Running jobs
A complete overview of the subject can be found in our manual, read it!
Shared resources
As computational resources are limited it is of paramount importance to ensure a fair access to all users, as well as an efficient use of the infrastructure. This problem is addressed using the SLURM batch scheduler, which takes care of collecting job requests from all users and assigns them the requested computational resources when these are available.Job submission
To run jobs on the cluster, users must submit a request to the SLURM scheduler. Never execute a program directly from the shell: it is an abuse of our policies and shows a lack of respect towards your colleagues! Requests to the SLURM scheduler are done via a batch script which contains 3 sections:- Job parameters (i.e. which partition, how many nodes, how many CPUs and GPUs, how much time, duration).
- Software setup (i.e. define the required software and setup the relative environment variables).

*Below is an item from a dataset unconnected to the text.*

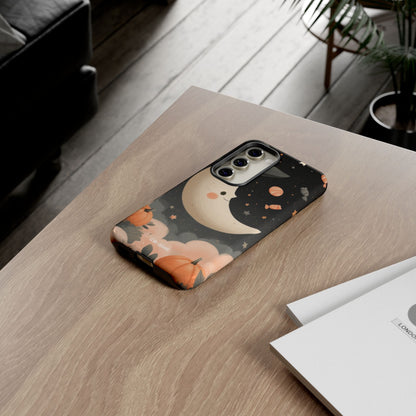 Pumpkin Smiles Shine - Samsung Case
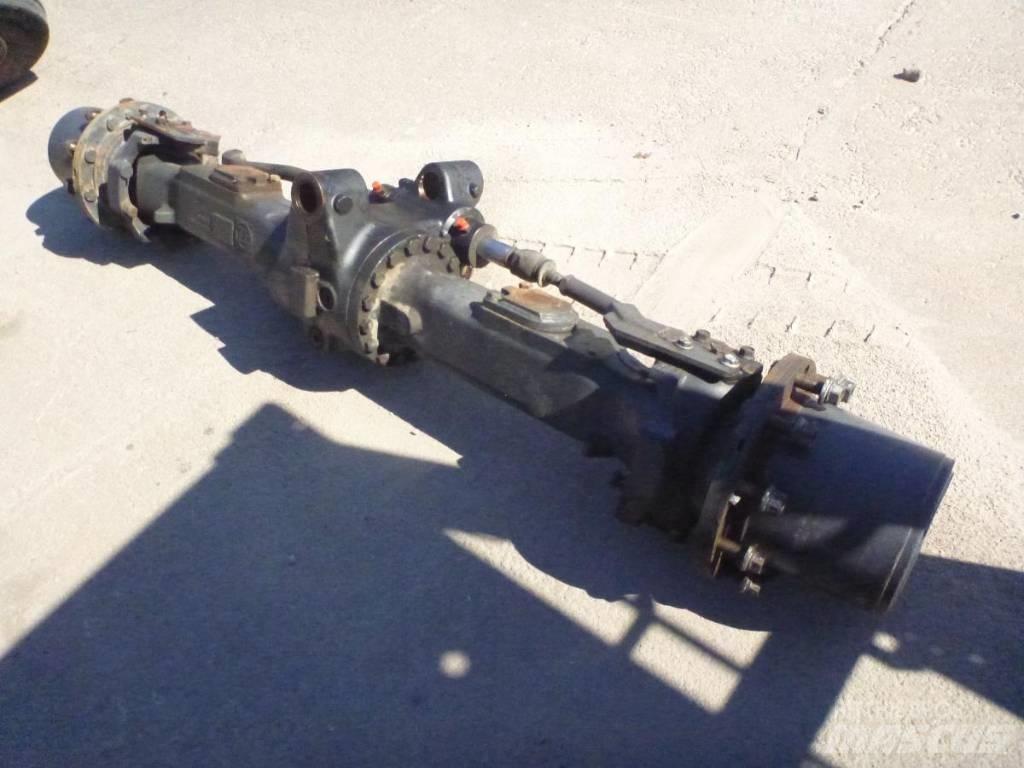 GM Doosan DX140W Nápravy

- Simulation run (i.e. execute the program and perform the actual simulation).
sbatch script_name
Monitor the job state
After a job request has been submitted to the SLURM scheduler, it is possible to monitor its progress and/or check its status in the queue. This can be simply achieved with the following command:squeue -u username
where username is your actual username.The output of this command will show you whether your job is being held in queue waiting for resources (state=PD) or if its running (state=R), for how long and on which compute nodes.
You can simply copy data (files and folders) from $HOME to $SCRATCH using cp as:cp -r $HOME/job_folder/file $SCRATCH/job_folder/
and viceversa from $SCRATCH to $HOME as:cp -r $SCRATCH/job_folder/file $HOME/job_folder/
or using rsync if you just need to copy newly produced data back to home. In the manual it is also described how to embed data movement from $HOME to $SCRATCH and back directly within a SLURM submission script.